→ Work required: Pictures do not belong in the copy; transcribe everything else in the records exactly.

• • • • • • •

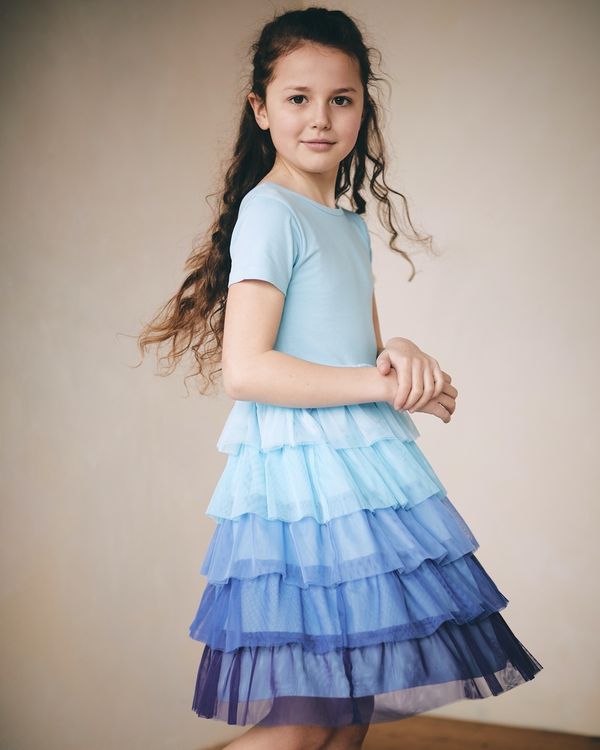 Leigh Tucker Willow Erica Dress (2-12 years)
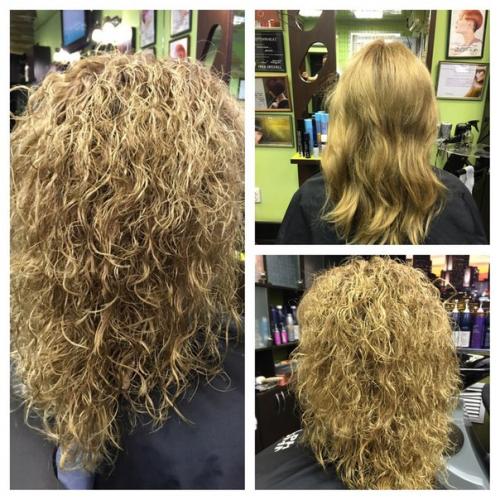 Внимание!  Есть свободные места к парикмахеру стилисту кунгурцевой лилии. 01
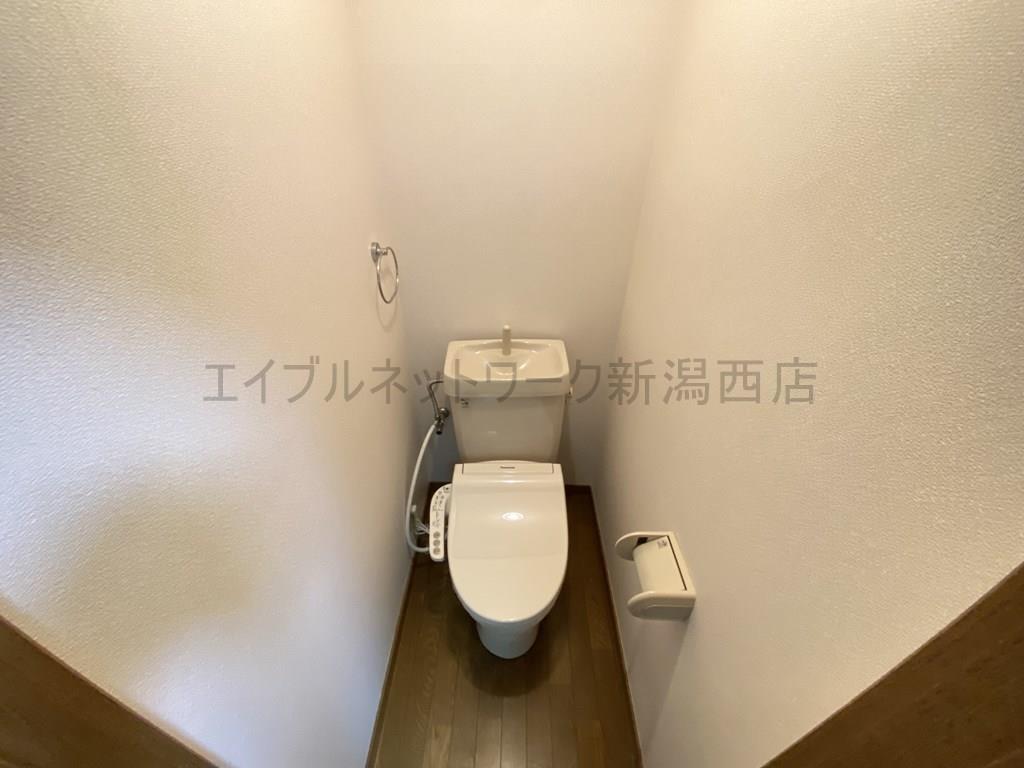 【ハーモニック優のトイレ】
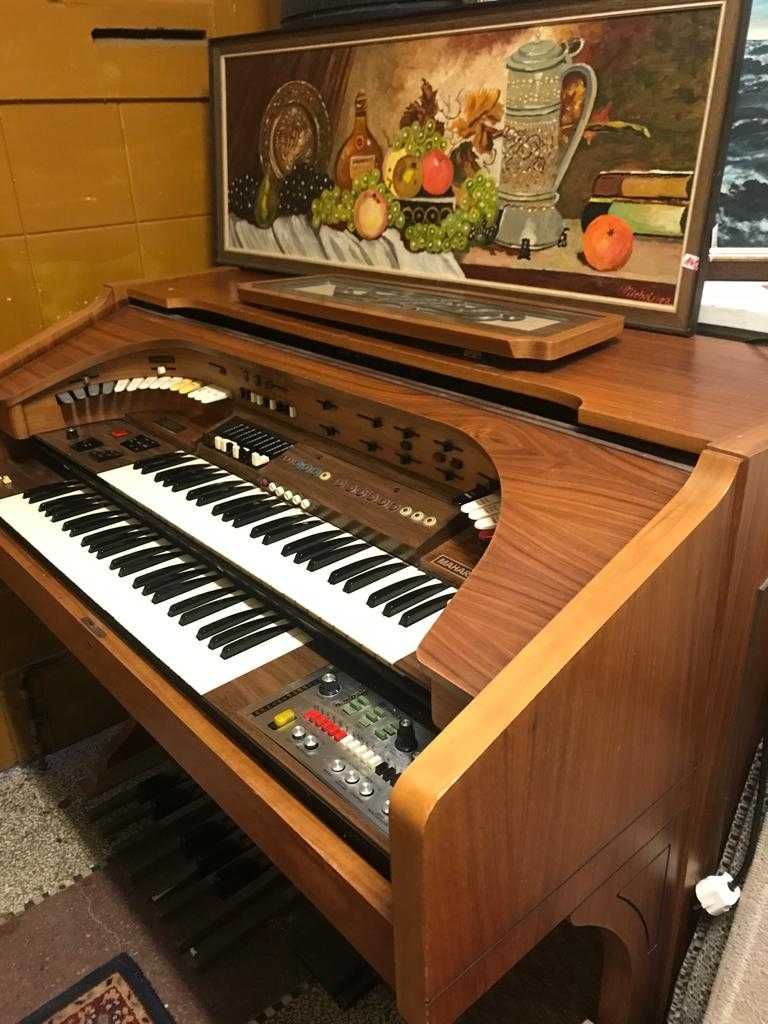 Organy elektryczne Farfisa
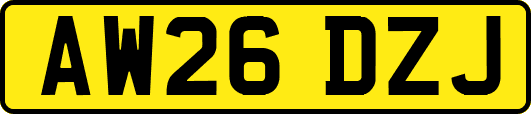 AW26DZJ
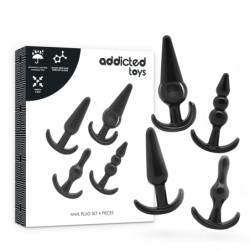 ENSEMBLE 4 PLUGS ANAL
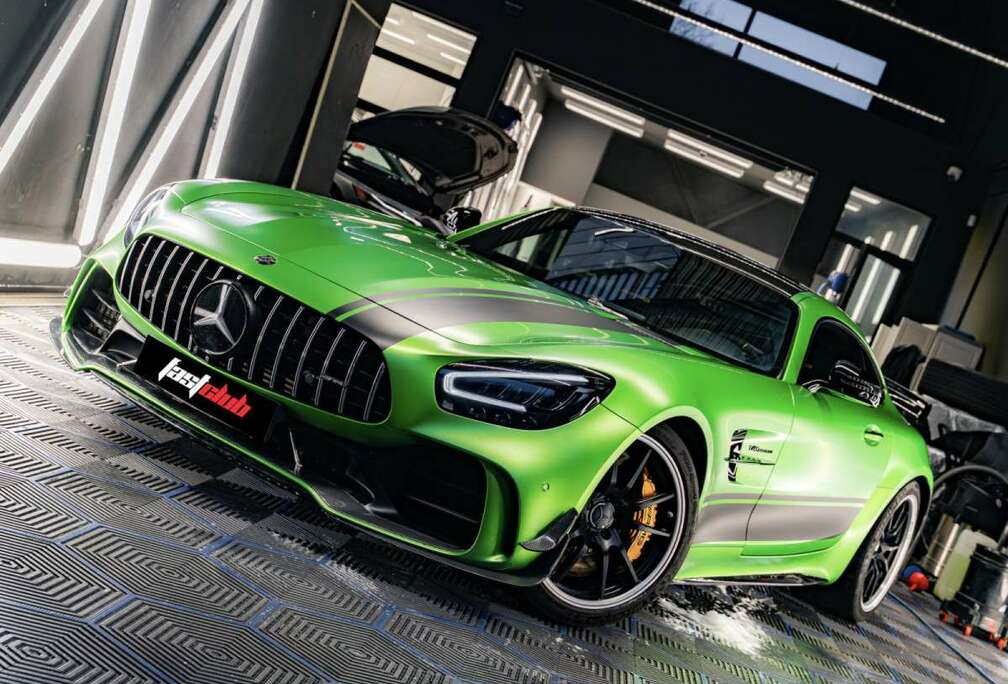 Mercedes-Benz R PHASE 2 TRACK PACK KERAMIC  FULL OPTIONS PPF XPE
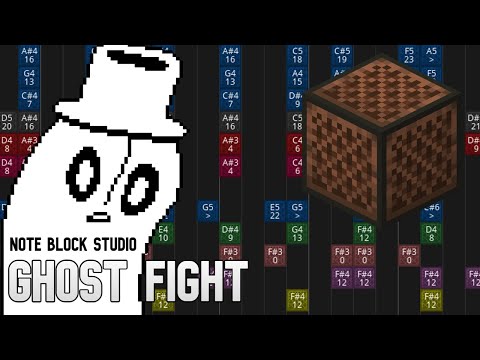 bigmcorp - Ghost Fight - Note Block Studio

• • • • • • •

→ Response for this exercise:
 Leigh Tucker Willow Erica Dress (2-12 years)
 Внимание!  Есть свободные места к парикмахеру стилисту кунгурцевой лилии. 01
 【ハーモニック優のトイレ】
 Organy elektryczne Farfisa
 AW26DZJ
 ENSEMBLE 4 PLUGS ANAL
 Mercedes-Benz R PHASE 2 TRACK PACK KERAMIC  FULL OPTIONS PPF XPE
 bigmcorp - Ghost Fight - Note Block Studio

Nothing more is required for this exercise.